Ci sono molto altri temi nell'agenda comune, dal Mediterraneo, solcato dai barconi della disperazione, al Sahel, una regione teatro delle incursioni di terroristi di matrice islamica che non si riesce a contenere. C'è solo l'imbarazzo della scelta in un contesto sempre più destabilizzato e incerto: il Libano, sull'orlo del collasso, l'Egitto, con cui abbiamo relazioni avvelenate dal caso Regeni, la Libia, decisiva per il nostro approvvigionamento energetico ma scossa da lotte tribale interminabili. A Tripoli oggi atterrerà la premier Giorgia Meloni e la situazione del paese preoccupa i partner europei che devono fronteggiare l'influenza sempre più marcata della Turchia. In realtà, affermano i presenti al summit di Villa Madama, l'Ucraina è stata liquidata rapidamente perché era già tutto chiaro e gran parte del faccia a faccia fra Crosetto e Lecornu è stato dedicato proprio agli altri scenari di crisi. Italia e Francia provano a muoversi mettendo in comune idee e risorse: non a caso prosegue il lavoro, per creare una brigata comune, con esercitazioni congiunte sulle Alpi.
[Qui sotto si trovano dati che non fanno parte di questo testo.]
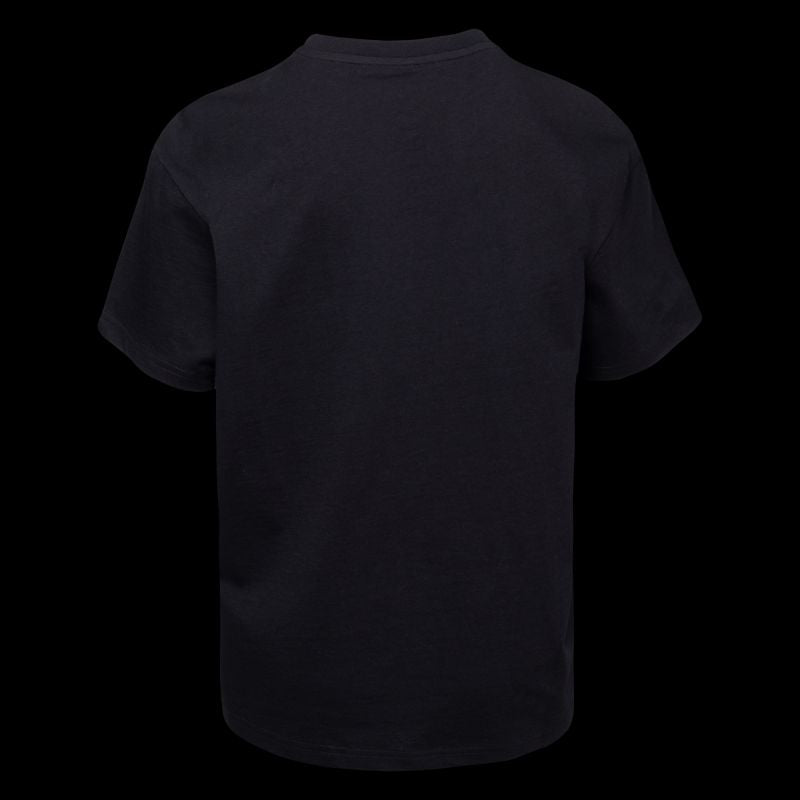 Elbrus NANNA TG Children’s Short-Sleeve T-Shirt gyerek póló 92800670098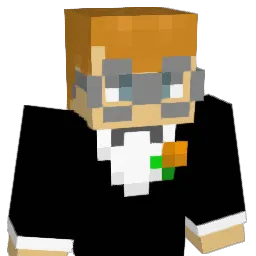 _Philos_'s Minecraft skin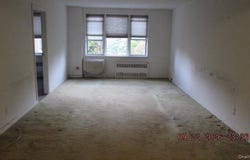 4 Sadore Lane, Yonkers, NY 10710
Del resto mancano pochissimi giorni all'entrata nel vivo del Trattato del Quirinale, firmato da Draghi e Macron, e non sono in gioco solo belle parole, ma l'accelerazione di un processo di integrazione sempre più forte ed esteso. Insomma, Macron e Meloni hanno litigato sulla spinosa questione dei migranti e sull'eterna querelle della redistribuzione dei profughi, ma i due paesi marciano compatti, sempre più allineati in un contesto che assomiglia sempre più a un vulcano. E dove, esaminate tutte le crisi si finisce sempre per puntare i riflettori sul disastro ucraino. Come fa Crosetto, in margine a un convegno: «Sto vivendo questo periodo con grande difficoltà personale, sono visto come quello delle armi, quello che vuole la guerra. Secondo me la III guerra mondiale inizierebbe nel momento in cui i carri armati russi arrivassero a Kiev e ai confini dell'Unione Europea.
Qualsiasi incidente o evento casuale potrebbe dare luogo a un'escalation che non sarebbe più soltanto la guerra in Ucraina». «Impedire che questo accada è l'unico modo per fermare la III guerra mondiale e chi dice qualcosa di diverso non conosce la realtà». La linea non cambia, ma questa volta Roma e Parigi sono più vicine.